A Toyota Aygo has won the 2007 AA/ALD Automotive MPG Marathon for the second year running – in fact three of the top four cars in the event were regular production Toyota Aygos.
James Sutherland and navigator Richard Hill completed the 330 mile event using just 19.12 litres of petrol to return an overall fuel consumption figure of 78.39 mpg. This is an improvement of nearly 28 per cent over the official combined figure. Toyota are no longer selling the diesel version, so it is interesting that the Aygo 1.0 litre petrol model is so frugal, despite calls from certain political quarters to ban petrol engined cars!

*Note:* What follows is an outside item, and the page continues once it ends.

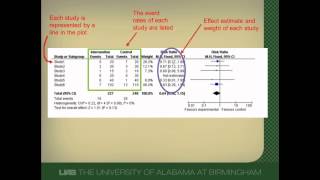 How to Interpret a Forest Plot [upl. by Oicnoel]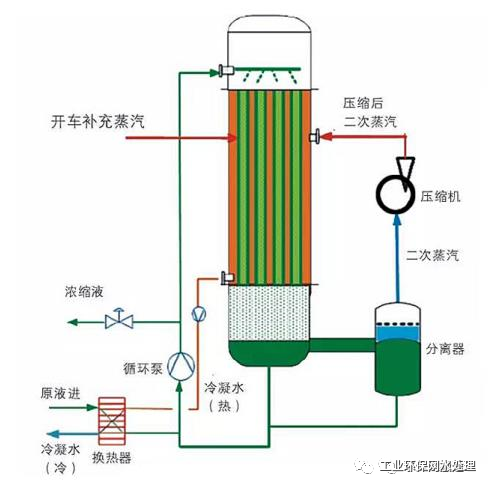 被提高热能的二次蒸汽打入加热器对原液再进行加热,受热的原液继续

Second to the petrol Aygo was the diesel VW Polo Bluemotion with 74.42 mpg . But perhaps most interestingly, the overall winner was really the Vauxhall Corsavan driven by motoring writer John Kendell and Paul Nieuwenhuis who achieved 81.02 mpg. This may reflect the economy improvements that can be made by taking out a couple of seats – perhaps it’s time that manufacturers found ways to apply significant weight-saving strategies to seat design.
The MPG Marathon, run by Fleet World magazine, involved completing 330 miles from Basingstoke to Torquay over different types of road. The results were judged on the consumption achieved, along with the percentage improvement obtained, in relation to the official consumption figure for each car.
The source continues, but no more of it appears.